3.3. Price‑to‑Sales (P/S) relevance

  • A 2 % revenue lift is too small to materially affect a P/S multiple that is already in the 3.9–4.0× range for a mature media company.
  • Investors who focus on top‑line growth (e.g., growth‑oriented analysts) will see the change as insignificant and will keep the P/S essentially unchanged.

3.4. Market expectations & “valuation drift”

  • The market tends to price in earnings momentum more heavily than modest revenue growth.
  • Because the earnings beat is “substantial,” the forward‑looking multiples (e.g., 12‑month P/E) will likely be revised downward (i.e., the stock will trade at a cheaper earnings multiple).
  • This can lead to a valuation “drift” where the price may actually rise even as the P/E falls, as the market re‑prices the higher earnings stream.
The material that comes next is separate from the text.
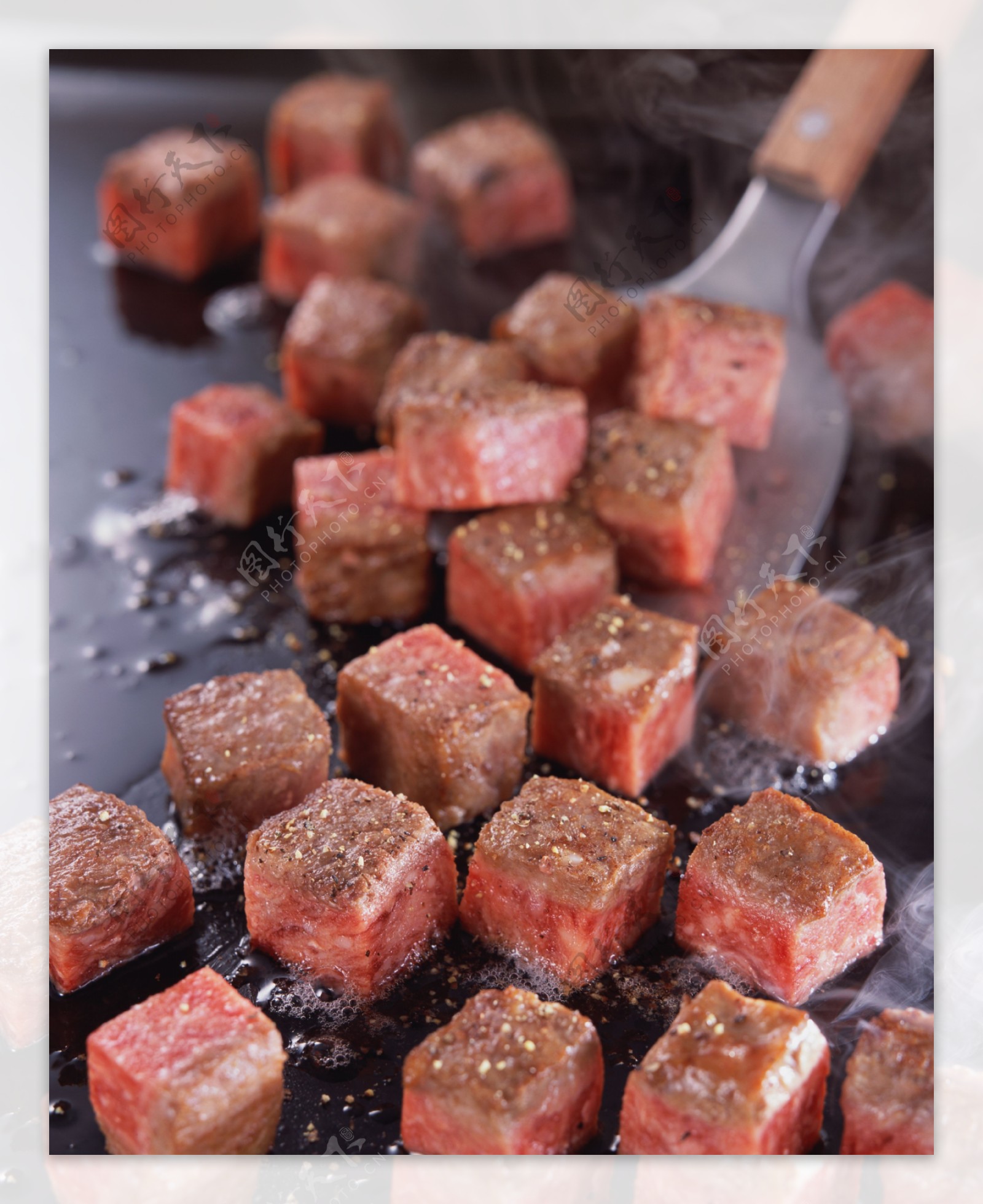 铁板牛肉粒图片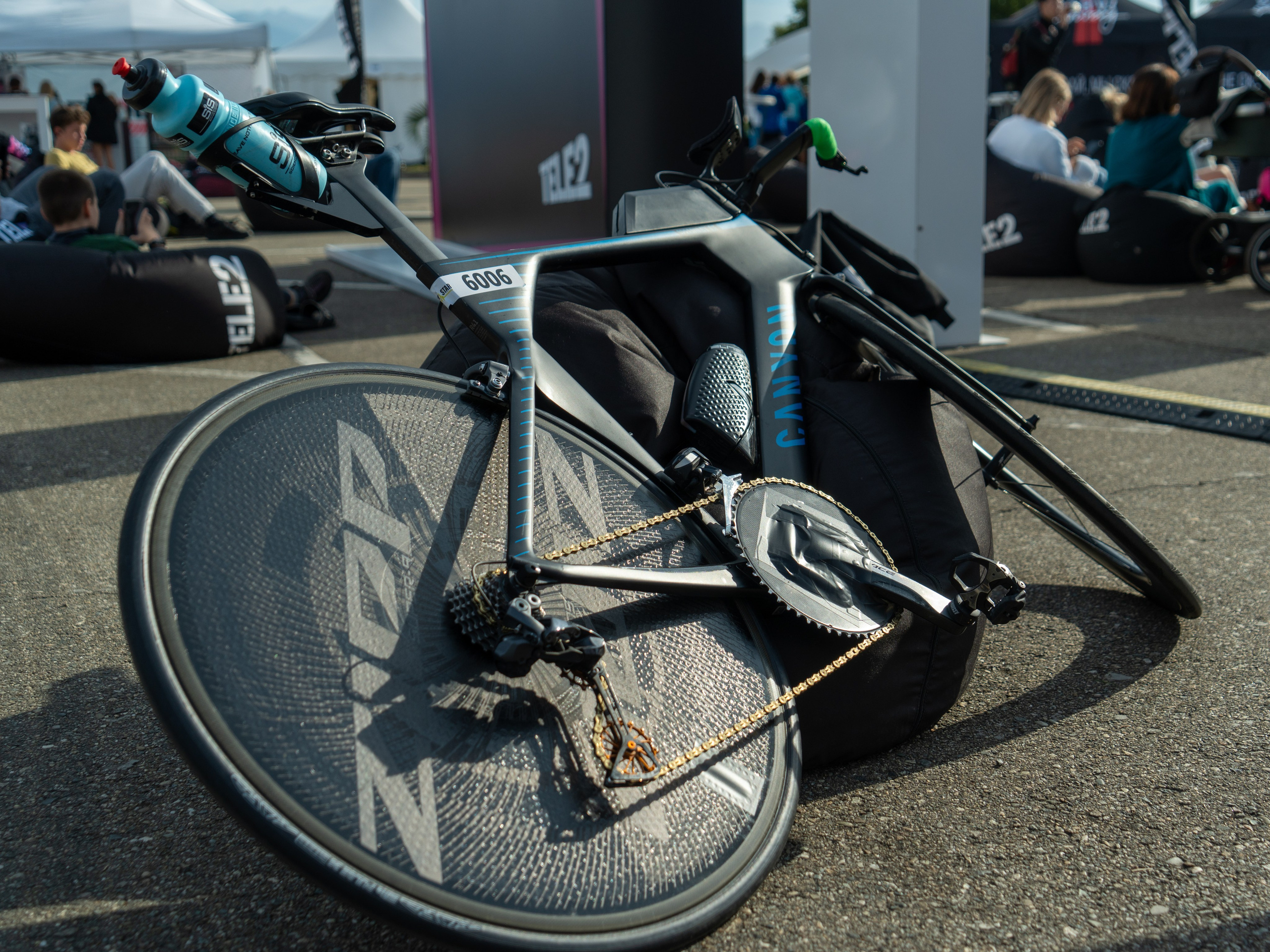 Фотоотчет партнерской интеграции для компании TELE2 на фестивале Ironstar. Репортажный фотограф в Красной Поляне и Сочи Павлюченко Екатерина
4. How analysts and investors are likely to interpret the change

Stakeholder Likely focus Interpretation of the 2 % revenue rise
Equity analysts (valuation‑focused) Forward‑looking P/E, EV/EBITDA Emphasize the strong earnings uplift; the 2 % revenue bump is a “nice‑to‑have” but not the driver. Expect a downward revision of the P/E and a modest EV/EBITDA compression.
Growth‑oriented investors Revenue growth, subscriber/advertiser trends View the 2 % increase as bare‑bones – they will look for higher‑single‑digit or double‑digit growth in future quarters. The current modest lift will not materially change their valuation models.
Credit analysts Cash‑flow coverage, leverage ratios The improved net income and stable EBITDA will likely tighten leverage ratios (e.g., Debt/EBITDA) and improve credit metrics, even though revenue is only marginally higher.
Management & investors Total shareholder return (TSR) Management can tout “substantial net‑income improvement” as the primary value driver; the 2 % revenue rise will be framed as “steady, sustainable growth” that underpins a stable dividend payout and potential share‑repurchase program.
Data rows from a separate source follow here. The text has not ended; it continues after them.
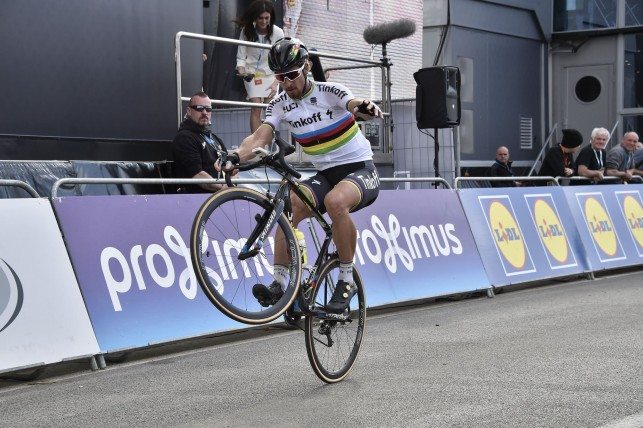 Peter Sagan en wheeling après sa victoire sur le Tour des Flandres 2016. Photo : Bettini Photo/Tinkoff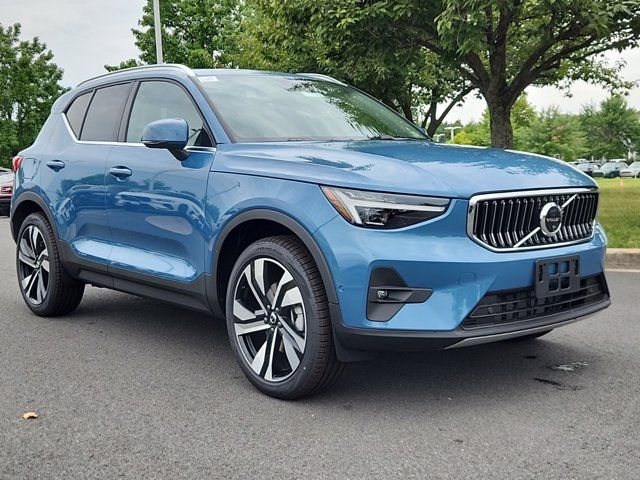 2025 Volvo XC40 Ultra Bright Theme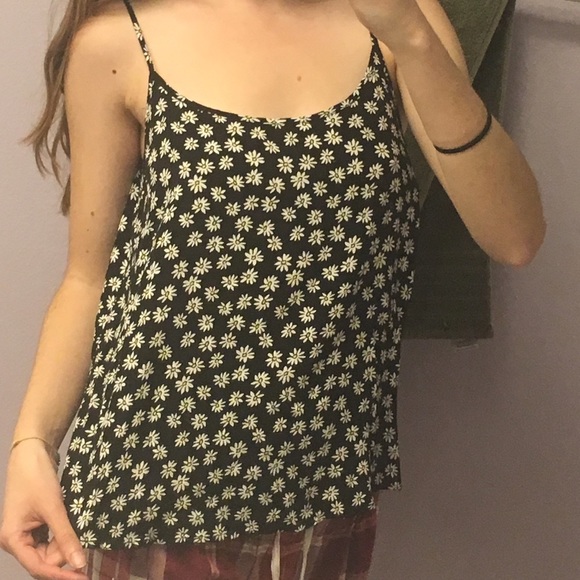 SUPER CUTE black and daisy top! - Picture 2 of 3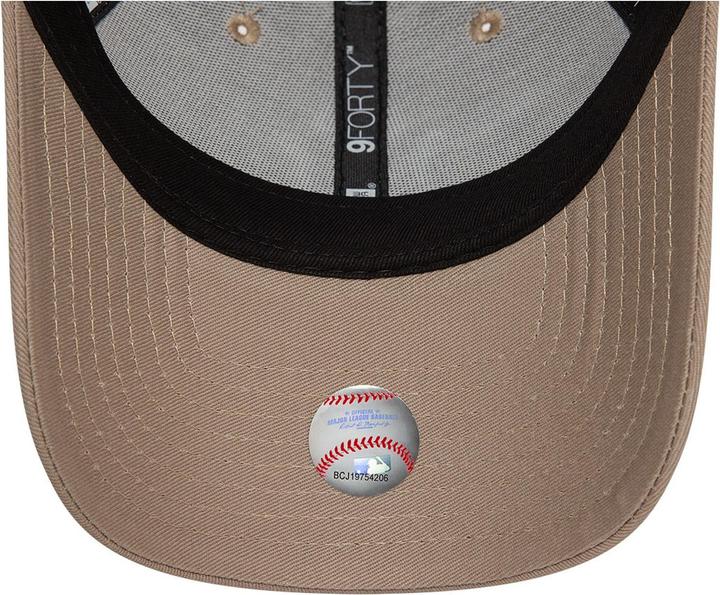 Actual product image New Era 9Forty Strapback Cap - New York Yankees ash brown (One size)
5. Potential scenarios for the next 12‑24 months

Scenario Revenue growth Net‑income growth Resulting multiples
Base case (current) +2 % (FY 2025) +30 % (FY 2025) P/E falls ~‑27 %; EV/EBITDA –2 %; P/S –2 %
Optimistic +4 % (new product launches, higher‑margin subscriptions) +45 % (margin expansion) P/E falls >‑35 %; EV/EBITDA –4 %; P/S –4 %
Conservative 0 % (flat) +20 % (modest cost cuts) P/E falls ~‑15 %; EV/EBITDA –1 %; P/S unchanged

The key driver in all scenarios is *earnings growth*, not the 2 % top‑line increase.


6. Bottom line for the valuation‑multiple question

  • Price‑to‑Sales (P/S): Virtually unchanged – a 2 % revenue rise translates into a ~2 % reduction in the P/S multiple if the market cap stays flat.
  • Price‑to‑Earnings (P/E): Significant compression – because net income is expected to rise substantially faster than revenue, the P/E will fall by 20‑30 % (or more) unless the market price is adjusted upward to reflect the stronger earnings.
  • EV/EBITDA: Mild compression – assuming stable EBITDA margins, EV/EBITDA will tighten by 2‑3 %; any margin improvement would deepen the compression.
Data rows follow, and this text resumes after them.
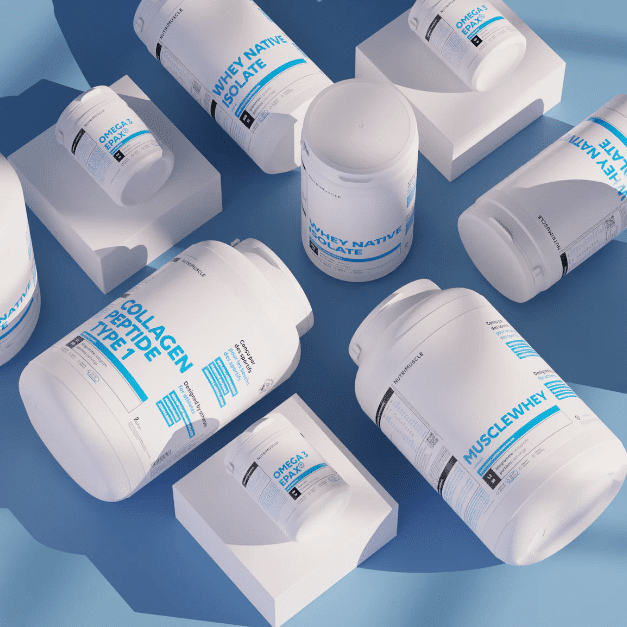 Compléments alimentaires Nutrimuscle présentés sur une table en bois, poudres et gélules mises en avant dans des emballages sobres, illustrant la transparence, la pureté des ingrédients et le sérieux scientifique de la marque française.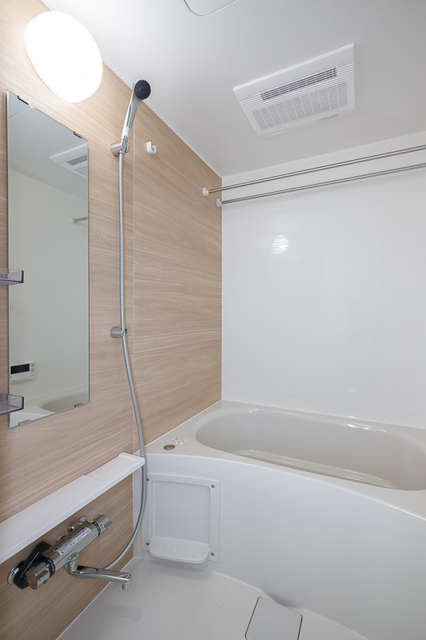 バス・シャワールーム　※写真は同タイプ住戸です。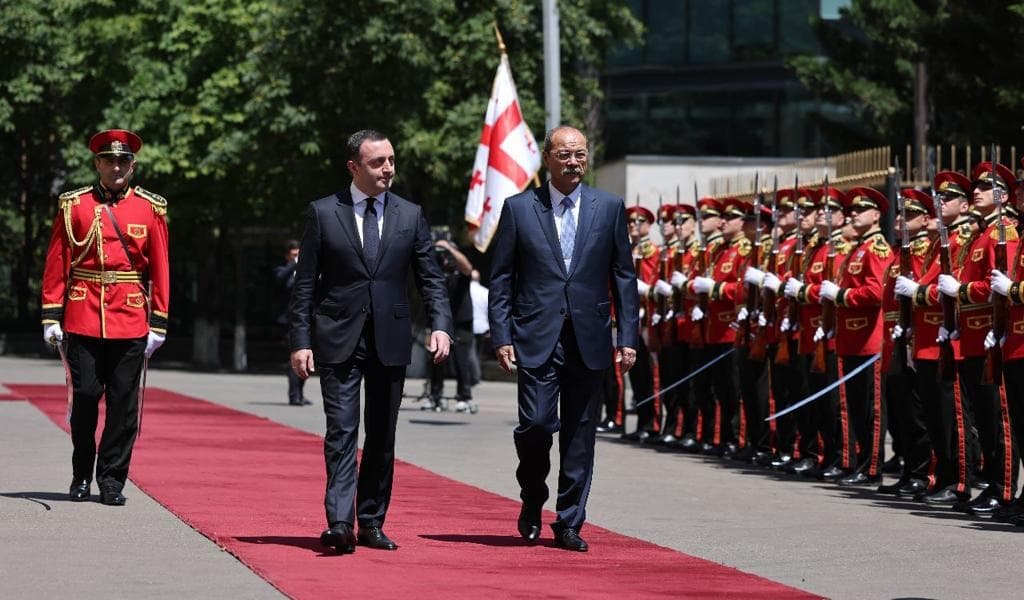 Frontnews image description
Overall impact: The modest 2 % top‑line growth will barely move sales‑based multiples, but the “substantial” earnings improvement will drive earnings‑based multiples lower (i.e., a cheaper valuation on an earnings basis), which is generally viewed positively by the market because it signals higher profitability and cash generation relative to the size of the business.